By: Theresa Marie Green, Guest Writer
Theresa is a mother who knows all-too-well how serious food allergies can be. Her son is allergic to peanuts and although she takes every precaution possible to protect him, she also knows that danger lurks around the corner. She spent the night in shock after hearing about the recent death of a young child and explains that “her worst fear came true for this Richmond family.” She expresses her feelings here for us. She also includes an extensive listing of tips and resources to help us keep children safe, in her article “Food allergy parent’s nightmare became a reality!”
Tears! Shock! Fear!
Tears...How could we not protect this child? We failed her! The system failed her!

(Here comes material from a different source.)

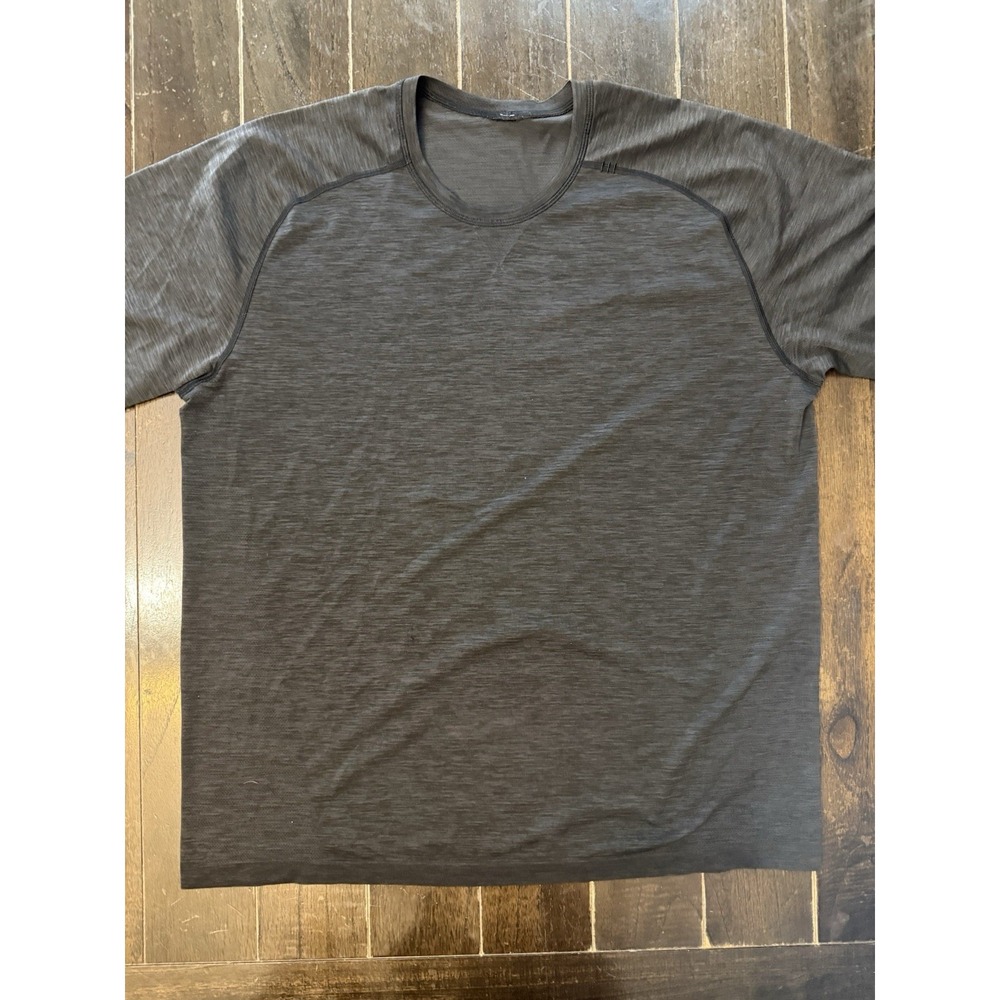 Lululemon Mens XXL Shirt Black Heather Short Sleeve Athletic Workout Running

Shock… The school supposedly did not follow Ammaria’s food allergy action plan. And it was reported that when Ammaria’s mother attempted to leave an EpiPen with the school, they instructed her to keep it at home.
FEAR! I have a child who is allergic to peanuts and attends first grade at a local public elementary school. This could have been my son. We can’t let our guards down. We are our children’s protectors!
My mother writes, “We pray that hearts will be lifted and that some ray of light or hope can eventually shine in this family’s life. While our hearts are heavy, our heads must stay cool while the story unravels and we get to the truth. And at the same time, we must be vigilant, stay sharp and do whatever needs to be done to protect our children, grandchildren….our families.” I could not have said it better.
It is suspected that a friend shared their treat with seven year old Ammaria Johnson, which may have contained peanuts. I have read that Ammaria’s food allergy action plan was not followed and that there was NOT an EpiPen on hand at the school for her. According to CBS 6 News when Ammaria’s mother, Laura Pendleton, attempted to leave an Epipen with the school’s clinical aide, she was told to keep it at home.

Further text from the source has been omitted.